» Goal of the exercise
No pictures should appear. The lines from the beginning of the listing through the one holding "Now, in the" must be reproduced exactly, and nothing more.

» Data block
··········

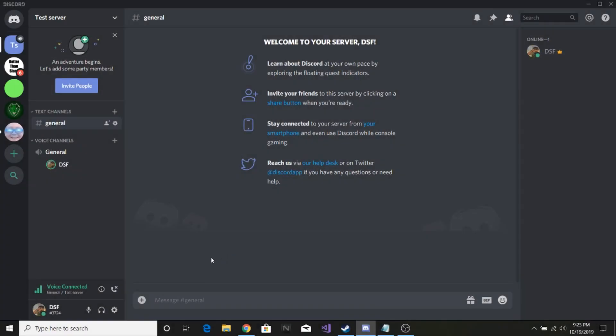Hey guys, so today I'm going to show you how to share screens on a Discord server. Usually you can only do it if you're private calling someone or a group, but I'm going to show you how to do it on a Discord server right now.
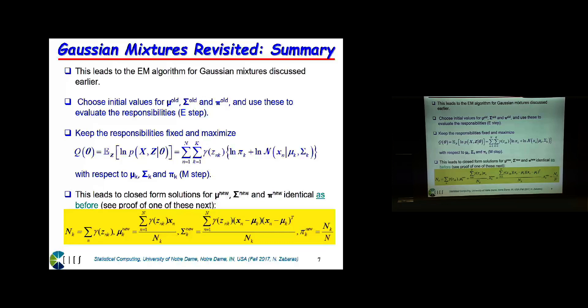Now, in the M-step, if you take derivatives with respect to pi, mu, and sigma, and set the derivative to zero, these are the estimates you get for the centers, the means, the variances, and the mixing coefficients. What is important is that the expected sufficient statistics are building inside N_K and inside effectively this term here. We also need gamma times X_N, X_N transpose.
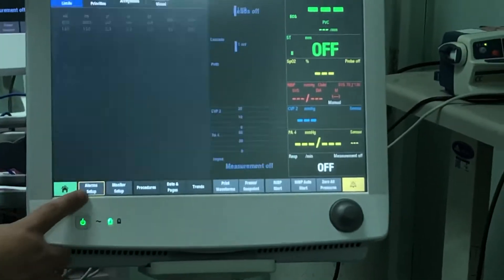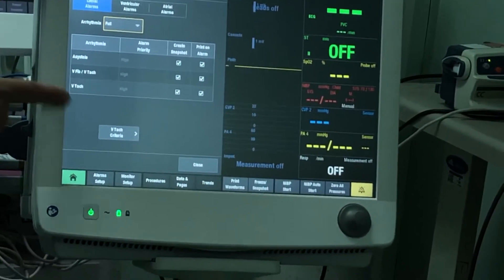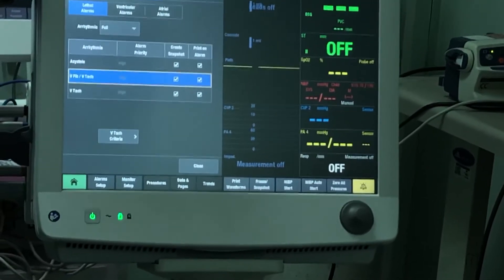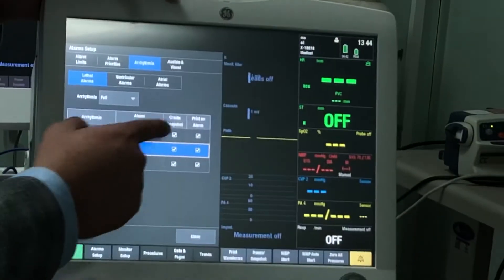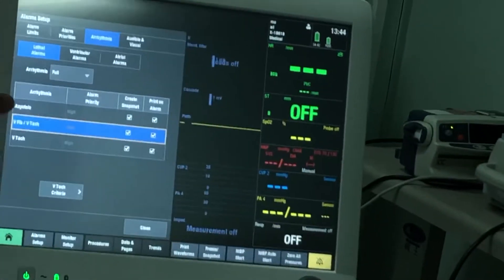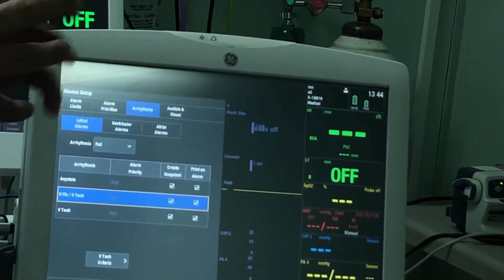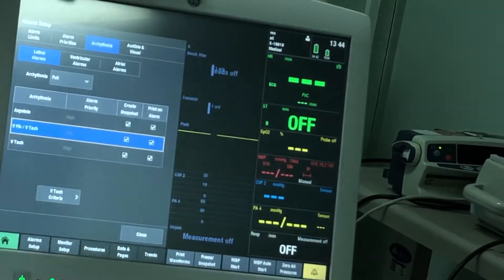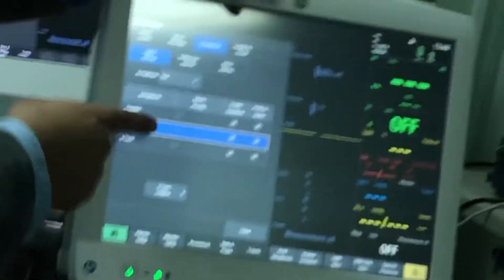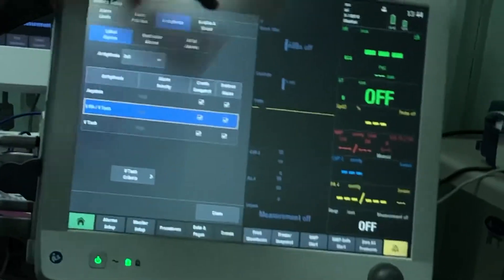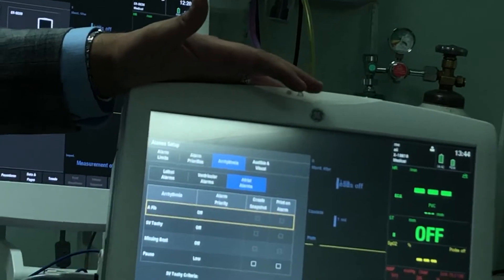For arrhythmias, it's a full license — the monitor tells you the diagnosis and alarms. Arrhythmias like VTAC and similar lethal arrhythmias are all high priority and cannot be changed. Even if you put the monitor on silence, these will break through the silence and still alarm. There's also a snapshot and print-on-alarm feature: if enabled, the monitor automatically creates a snapshot — like a screenshot — and sends a print order to the nursing station printer, printing whatever is on screen when the arrhythmia occurs. You can enable these options for ventricular or atrial alarms as well.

··········

» Result of the task
Hey guys, so today I'm going to show you how to share screens on a Discord server. Usually you can only do it if you're private calling someone or a group, but I'm going to show you how to do it on a Discord server right now.
Now, in the M-step, if you take derivatives with respect to pi, mu, and sigma, and set the derivative to zero, these are the estimates you get for the centers, the means, the variances, and the mixing coefficients. What is important is that the expected sufficient statistics are building inside N_K and inside effectively this term here. We also need gamma times X_N, X_N transpose.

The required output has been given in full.